La dépouille de Kim Jong-Nam reviendra-t-elle un jour en Corée du Nord ? La situation se complique, en tout cas, alors que l'autopsie du corps du demi-frère aîné de Kim Jong-Un, le dictateur nord-coréen, assassiné lundi 13 février à l'aéroport de Kuala Lampur, est entourée de mystères. Le régime de Pyongyang y est opposé, tandis que le gouvernement malaisien en fait un préalable au transfert de Kim Jong-Nam dans sa patrie. Dans l'état actuel des choses, les légistes en sont encore à déterminer la substance qui a causé à la mort du quadragénaire.

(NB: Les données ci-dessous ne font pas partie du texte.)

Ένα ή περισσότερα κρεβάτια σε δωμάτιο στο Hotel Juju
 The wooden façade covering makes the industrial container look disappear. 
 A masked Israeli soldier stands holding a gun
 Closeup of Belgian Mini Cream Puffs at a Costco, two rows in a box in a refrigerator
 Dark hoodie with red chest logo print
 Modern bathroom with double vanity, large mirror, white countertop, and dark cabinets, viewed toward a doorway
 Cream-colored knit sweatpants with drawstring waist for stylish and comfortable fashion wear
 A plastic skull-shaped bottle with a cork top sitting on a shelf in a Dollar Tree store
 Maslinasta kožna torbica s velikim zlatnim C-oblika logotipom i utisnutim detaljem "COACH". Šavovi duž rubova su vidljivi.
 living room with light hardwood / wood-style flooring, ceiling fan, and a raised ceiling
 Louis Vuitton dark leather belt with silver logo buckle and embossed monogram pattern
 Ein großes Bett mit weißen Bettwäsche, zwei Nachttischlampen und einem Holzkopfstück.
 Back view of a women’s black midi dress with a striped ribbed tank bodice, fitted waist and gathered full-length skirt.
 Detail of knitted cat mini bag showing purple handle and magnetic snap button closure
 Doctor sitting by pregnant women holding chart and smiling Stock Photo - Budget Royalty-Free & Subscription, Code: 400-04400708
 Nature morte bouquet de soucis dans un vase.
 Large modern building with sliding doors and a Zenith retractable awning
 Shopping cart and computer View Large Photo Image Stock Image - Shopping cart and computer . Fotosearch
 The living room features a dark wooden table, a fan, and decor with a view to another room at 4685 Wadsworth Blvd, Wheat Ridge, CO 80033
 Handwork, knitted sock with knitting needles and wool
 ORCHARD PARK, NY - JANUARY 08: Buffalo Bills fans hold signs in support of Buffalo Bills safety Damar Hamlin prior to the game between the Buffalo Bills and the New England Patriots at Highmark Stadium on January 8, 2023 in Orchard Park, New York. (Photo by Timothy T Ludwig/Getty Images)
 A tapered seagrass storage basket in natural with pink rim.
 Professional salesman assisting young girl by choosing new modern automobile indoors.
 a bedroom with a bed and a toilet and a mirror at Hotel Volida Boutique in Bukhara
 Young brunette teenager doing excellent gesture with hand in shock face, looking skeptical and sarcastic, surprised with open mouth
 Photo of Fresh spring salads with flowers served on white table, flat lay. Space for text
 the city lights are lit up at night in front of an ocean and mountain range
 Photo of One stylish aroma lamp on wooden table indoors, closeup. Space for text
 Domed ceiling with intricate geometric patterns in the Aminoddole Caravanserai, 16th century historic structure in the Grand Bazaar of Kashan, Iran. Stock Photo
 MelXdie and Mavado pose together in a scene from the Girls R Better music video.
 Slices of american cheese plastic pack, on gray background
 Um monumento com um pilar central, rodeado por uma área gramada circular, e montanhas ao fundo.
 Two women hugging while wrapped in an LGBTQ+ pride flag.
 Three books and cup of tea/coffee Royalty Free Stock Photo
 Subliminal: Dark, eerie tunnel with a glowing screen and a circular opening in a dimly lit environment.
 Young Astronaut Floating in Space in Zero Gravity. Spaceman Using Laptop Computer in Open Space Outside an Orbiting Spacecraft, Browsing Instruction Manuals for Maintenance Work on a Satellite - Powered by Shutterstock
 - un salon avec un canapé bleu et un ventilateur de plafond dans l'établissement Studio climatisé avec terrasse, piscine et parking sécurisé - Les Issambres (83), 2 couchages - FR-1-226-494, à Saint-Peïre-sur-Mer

Autre problème non-résolu : si la Corée du Nord veut récupérer le corps, ce à quoi ne s'oppose pas la Malaisie, il lui faut fournir à la police malaisienne des échantillons d'ADN d'un membre de la famille du défunt. "Nous en avons besoin pour établir le profil de la personne décédée", a annoncé un responsable à l'AFP ce vendredi. Mais là encore, rien n'est simple : "Aucun membre de la famille ou proche n'est venu réclamer le corps". Et la police malaisienne n'a que les passeports de Kim Jong-Nam pour s'assurer de son identité.


Le dossier est particulièrement sensible, alors que la Corée du Sud pèse de tout son poids pour accuser le régime nord-coréen d'être derrière l'assassinat du fils en exil de Kim Jong-Il, déchu par le régime. En attendant, la police malaisienne interroge toujours trois suspects, dont deux jeunes femmes repérées sur les images de caméra vidéo-surveillance, l'une avec un passeport vienamien, l'autre avec un passeport indonésien, ainsi que le petit ami de cette dernière.